Burlison also said he could bring further sanctions and reevaluate the motion to dismiss if it is proven the prosecution withholds evidence again.

“If further conduct is brought to light, the court will look again at defendant’s sanctions of dismissal,” Burlison said during the hearing.

The sanctions arose when defense attorney Jim Martin accused Circuit Attorney Kim Gardner last week of not providing the defense with a two hour videotaped interview with the Missouri governor’s former mistress in January. Greitens’ lawyers said they were told the interview, conducted by Tisaby, was lost because the video recorder “malfunctioned.”

Martin said the supposedly broken videotape of the alleged victim’s deposition “magically appeared” at 6 p.m. Wednesday, just one hour after the Missouri Special Investigative Committee on Oversight released a scathing report on the governor.

In addition to the videotape being presented to the defense, Martin argued that Tisaby lied under oath when he said he did not take notes during the interview with the former mistress of Greitens in a March 19 deposition at Carnahan Courthouse.

The defense showed a picture of the investigator in court, sitting next to Gardner, taking notes. The defense team alleged Gardner did not disclose that information to them, accused Tisaby of perjury and asked for sanctions against Gardner.

Greitens is accused of allegedly taking a picture of a bound and partially nude woman with whom he was having an affair with at the time and threatened to blackmail her if she made the affair public.

House Report

Gov. Greitens

Last week, a report was released by the House Special Investigate Committee on Oversight, detailed the alleged conduct by Greitens with a woman who testified under oath that Greitens subjected her to non-consensual sexual activity and violence.

The report detailed the victim’s testimony that Greitens slapped her and called her a whore during one particular encounter. The report also detailed instances of slapping, shoving, and grabbing. On more than one occasion the woman was reduced to tears.

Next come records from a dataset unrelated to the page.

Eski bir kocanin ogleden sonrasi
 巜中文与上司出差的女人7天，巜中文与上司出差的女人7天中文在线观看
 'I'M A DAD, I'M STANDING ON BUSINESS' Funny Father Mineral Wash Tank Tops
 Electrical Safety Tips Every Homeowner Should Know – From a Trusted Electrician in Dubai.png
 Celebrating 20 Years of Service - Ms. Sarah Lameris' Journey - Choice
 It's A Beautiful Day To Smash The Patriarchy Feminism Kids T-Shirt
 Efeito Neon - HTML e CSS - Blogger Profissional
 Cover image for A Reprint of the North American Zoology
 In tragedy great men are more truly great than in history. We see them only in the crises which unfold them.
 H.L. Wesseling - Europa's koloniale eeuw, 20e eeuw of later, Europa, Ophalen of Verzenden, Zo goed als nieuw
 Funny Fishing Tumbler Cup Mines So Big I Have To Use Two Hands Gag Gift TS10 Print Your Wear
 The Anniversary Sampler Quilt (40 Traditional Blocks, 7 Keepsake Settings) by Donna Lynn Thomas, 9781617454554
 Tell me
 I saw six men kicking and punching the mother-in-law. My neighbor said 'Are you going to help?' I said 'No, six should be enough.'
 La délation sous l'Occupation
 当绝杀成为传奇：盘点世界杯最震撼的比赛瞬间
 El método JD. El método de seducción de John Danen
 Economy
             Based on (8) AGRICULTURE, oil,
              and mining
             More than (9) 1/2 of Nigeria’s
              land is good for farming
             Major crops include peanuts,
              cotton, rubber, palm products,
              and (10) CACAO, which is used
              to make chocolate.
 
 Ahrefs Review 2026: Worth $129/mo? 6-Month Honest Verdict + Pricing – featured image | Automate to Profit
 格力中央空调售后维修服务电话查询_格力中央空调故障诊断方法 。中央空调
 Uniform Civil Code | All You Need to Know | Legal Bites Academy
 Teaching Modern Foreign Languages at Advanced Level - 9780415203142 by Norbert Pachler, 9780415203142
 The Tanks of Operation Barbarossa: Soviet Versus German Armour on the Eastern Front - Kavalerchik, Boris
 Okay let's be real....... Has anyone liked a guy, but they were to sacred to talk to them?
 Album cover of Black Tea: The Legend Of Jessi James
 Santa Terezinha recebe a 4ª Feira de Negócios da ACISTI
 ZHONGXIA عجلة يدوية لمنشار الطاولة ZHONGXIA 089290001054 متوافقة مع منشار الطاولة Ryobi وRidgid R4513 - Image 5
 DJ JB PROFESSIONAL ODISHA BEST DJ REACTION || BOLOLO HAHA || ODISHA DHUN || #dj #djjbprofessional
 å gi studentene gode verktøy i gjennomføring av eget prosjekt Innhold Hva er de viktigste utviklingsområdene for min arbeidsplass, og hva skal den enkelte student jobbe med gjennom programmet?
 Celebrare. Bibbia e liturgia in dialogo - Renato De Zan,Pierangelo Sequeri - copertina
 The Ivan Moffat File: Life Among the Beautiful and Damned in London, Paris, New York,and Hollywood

The committee was on a fact-finding mission regarding Greitens’ affair with his St. Louis-based hairdresser and a tape made available to KMOV regarding an incident where he allegedly takes a picture of her without her consent and uses it to ensure her silence.

He has denied the blackmail, has not confirmed or denied a picture, and called the investigation a “witch hunt” into a consensual relationship.

Just an hour before the report was released Greitens pushback against the findings calling them “lies.”

The report, which focuses on the unnamed woman’s recounting of events, pulls into question just how consensual the relationship was and other claims that have been made in recent weeks. Greitens declined to testify and did not respond to any of the committee’s request for documents and sworn answers to written interrogatories.

The House Special Investigative Committee on Oversight was formed by Speaker Todd Richardson on February 27, 2018, following the grand jury indictment of Greitens on a felony invasion-of-privacy charge in St. Louis.